A propos de "l'école bourgeoise".

En mai 68, un des slogans issu des facultés et répandu jusque dans les lycées s'en prenait à l'"école bourgeoise" et dénonçait son enseignement. Au même moment le PCF et l'UEC manifestait en réclamant "des plumes et des crayons".

La revendication purement économique est juste une caricature, mais ce qui est apparu par la suite, c'est que la dénonciation de l'école bourgeoise, exactement le contenu bourgeois de l'enseignement, n'a absolument pas débouché sur une école prolétarienne.
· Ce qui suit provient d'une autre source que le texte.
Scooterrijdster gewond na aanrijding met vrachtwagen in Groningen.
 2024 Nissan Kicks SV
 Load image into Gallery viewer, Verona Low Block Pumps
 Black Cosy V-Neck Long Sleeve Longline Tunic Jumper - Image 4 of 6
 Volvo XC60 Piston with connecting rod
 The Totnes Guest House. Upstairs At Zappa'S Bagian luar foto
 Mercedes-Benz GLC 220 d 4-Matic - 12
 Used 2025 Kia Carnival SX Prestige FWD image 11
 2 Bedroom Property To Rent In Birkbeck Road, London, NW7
Certaines expériences ont essayé de mettre en avant les luttes prolétariennes ou anti impérialistes dans l'enseignement lui-même, mais plus souvent l'enseignement a été vidé de sa substance, parfois de tout contenu scientifique, pour devenir un charabia de coquilles vides.
De sorte que l'indigence de l'enseignement s'est combiné avec le manque de moyens matériels et la mercantilisation.

Mais aujourd'hui, il me semble que l'enseignement bourgeois critiqué à cette époque apparaît aujourd'hui comme un enseignement colonial, et rejeté avec autant de violence.
Mais il n'y a pas d'enseignement révolutionnaire en face.